Note that this must be called only for the persistent ring buffer.

> + */
> +static bool rb_meta_init(struct trace_buffer *buffer)
> +{
> +	unsigned long ptr = buffer->range_addr_start;
> +	struct ring_buffer_meta *bmeta;
> +	unsigned long total_size;
> +	int struct_sizes;
> +
> +	bmeta = (struct ring_buffer_meta *)ptr;
> +	buffer->meta = bmeta;
> +
> +	total_size = buffer->range_addr_end - buffer->range_addr_start;
> +
> +	struct_sizes = sizeof(struct ring_buffer_cpu_meta);
> +	struct_sizes |= sizeof(*bmeta) << 16;
> +
> +	/* The first buffer will start one page after the meta page */
> +	ptr += sizeof(*bmeta);
> +	ptr = ALIGN(ptr, PAGE_SIZE);
> +
> +	if (bmeta->magic != RING_BUFFER_META_MAGIC) {
> +		pr_info("Ring buffer boot meta mismatch of magic\n");
> +		goto init;
> +	}
> +
> +	if (bmeta->struct_sizes != struct_sizes) {
> +		pr_info("Ring buffer boot meta mismatch of struct size\n");
> +		goto init;
> +	}
> +
> +	if (bmeta->total_size != total_size) {
> +		pr_info("Ring buffer boot meta mismatch of total size\n");
> +		goto init;
> +	}
> +
> +	if (bmeta->buffers_offset > bmeta->total_size) {
> +		pr_info("Ring buffer boot meta mismatch of offset outside of total size\n");
> +		goto init;
> +	}
> +
> +	if (bmeta->buffers_offset != (void *)ptr - (void *)bmeta) {
> +		pr_info("Ring buffer boot meta mismatch of first buffer offset\n");
> +		goto init;
> +	}
> +
> +	return true;
> +
> + init:
> +	bmeta->magic = RING_BUFFER_META_MAGIC;
> +	bmeta->struct_sizes = struct_sizes;
> +	bmeta->total_size = total_size;
> +	bmeta->buffers_offset = (void *)ptr - (void *)bmeta;
> +
> +	return false;
> +}
> +
>  /*
>   * See if the existing memory contains valid ring buffer data.
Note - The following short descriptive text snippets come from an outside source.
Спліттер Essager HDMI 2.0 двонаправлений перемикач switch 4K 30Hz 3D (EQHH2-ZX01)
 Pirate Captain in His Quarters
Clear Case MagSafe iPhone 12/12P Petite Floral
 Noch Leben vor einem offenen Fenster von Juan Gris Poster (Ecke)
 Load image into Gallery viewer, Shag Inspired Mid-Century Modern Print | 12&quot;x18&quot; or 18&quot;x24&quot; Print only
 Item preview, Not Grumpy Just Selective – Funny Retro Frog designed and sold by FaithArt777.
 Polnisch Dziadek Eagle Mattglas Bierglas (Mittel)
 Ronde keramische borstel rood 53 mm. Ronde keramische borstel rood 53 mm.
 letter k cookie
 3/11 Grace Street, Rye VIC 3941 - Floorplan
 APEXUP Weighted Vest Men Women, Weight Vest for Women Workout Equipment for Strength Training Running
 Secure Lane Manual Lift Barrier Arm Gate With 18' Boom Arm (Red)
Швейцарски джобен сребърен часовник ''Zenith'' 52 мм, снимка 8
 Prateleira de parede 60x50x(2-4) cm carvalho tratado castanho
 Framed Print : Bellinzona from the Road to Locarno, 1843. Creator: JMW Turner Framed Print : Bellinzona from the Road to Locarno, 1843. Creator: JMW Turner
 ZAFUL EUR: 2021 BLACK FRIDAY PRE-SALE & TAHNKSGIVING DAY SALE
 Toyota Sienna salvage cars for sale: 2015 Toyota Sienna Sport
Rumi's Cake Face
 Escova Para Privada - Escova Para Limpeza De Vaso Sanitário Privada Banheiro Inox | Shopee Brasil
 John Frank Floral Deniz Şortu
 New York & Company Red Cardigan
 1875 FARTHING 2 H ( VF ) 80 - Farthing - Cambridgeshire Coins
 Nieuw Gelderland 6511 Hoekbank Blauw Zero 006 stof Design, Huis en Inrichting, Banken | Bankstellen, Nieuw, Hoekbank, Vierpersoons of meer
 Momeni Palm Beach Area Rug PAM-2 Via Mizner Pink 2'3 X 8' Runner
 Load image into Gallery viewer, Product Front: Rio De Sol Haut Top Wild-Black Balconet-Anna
>   * As the previous kernel must be the same as this kernel, all
>   * the calculations (size of buffers and number of buffers)
>   * must be the same.
>   */
> -static bool rb_meta_valid(struct ring_buffer_meta *meta, int cpu,
> -			  struct trace_buffer *buffer, int nr_pages)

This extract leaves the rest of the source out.